Although records credit the Jesuits as the founders of the Ateneo in 1859, it was actually through the collective efforts of seven Magical Girls, lusty for power, that the University has prospered through the years. With the combined efforts of the Vatican and the cosmic finesse of hentai porn, the Ateneo quickly grew from a sorry-ass landfill to the even bigger landfill that it is today.
It could not be stated enough that Ateneo de Manila's first students were all originally male preteen sluts who, prior to admission, had nothing better to do than wander around and whore themselves in Manila's first Spanish colonial-inspired shopping malls. Due to changing times, however, the University's administration eventually decided at the turn of the century to freely open up admission to everyone who they could pirate out of De La Salle University.
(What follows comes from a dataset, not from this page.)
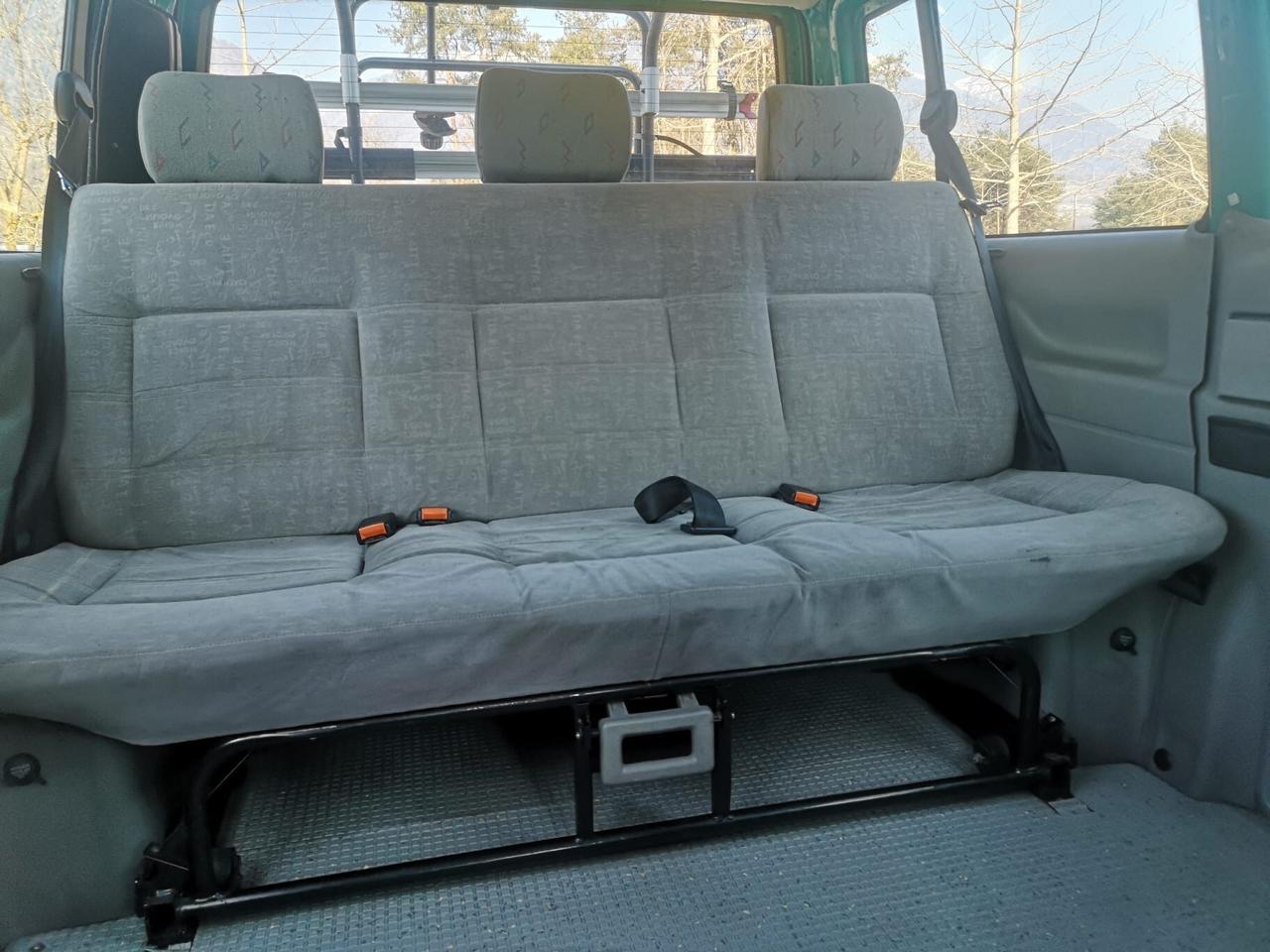 Volkswagen Transporter 2.5 multivan Caravelle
This dignified culture of academic exchange is of course still being practiced today, but only after 9:00 PM when the Department of Communication Building shuts down.
One cannot simply become an Atenean: he or she must first and foremost show vehement hatred towards De La Salle University; even then, the Atenean must declare an oath to pray like a Jesuit and rabidly support all of the school's basketball pursuits, of which the rest of the world doesn't give a shit about.
The pedophile Jesuits who run Ateneo usually take charge of the aforementioned floating nuns, although people are more inclined to believe that these floating nuns are actually victims of the Jesuits themselves, created through demonic midnight rites at their pretentiously named "Church of the Gesu."
Many Ateneans are known to stay as undergraduates even if they're well into their middle ages; it seems pretty normal, for example, to randomly call out "Hoy paaaaa-re!" and have at least three balding fogeys in campus jackets looking back at you. Guided by hallucinatory dreams of basketball games past, these old men have been known to hit on the young socialite girls in campus, preferably the ones with long, dark, curly teeth. Such is the case of a non-coed institution made manifest.
Although enrollment figures remain steady each semester, Ateneo de Manila strictly regulates its studentry through the use of "Coño English" - a horrid distortion of Spanish, English and whatever dialect college kids use nowadays. Two Atenean males can actually understand the phrase "Uy, Ruel pinga-ed up his girlfriend, paaaa-re!" without wincing in confusion or disgust. What's more, this bastard language becomes even more confusing when the girls use it: "Kadiri ha, I'm not touching that!". Atenean males, who for some reason only have half a brain, usually reply "SSSSEXXX!!!". The girls, who have even less gray matter than the guys, usually reply back "what the fuck?!"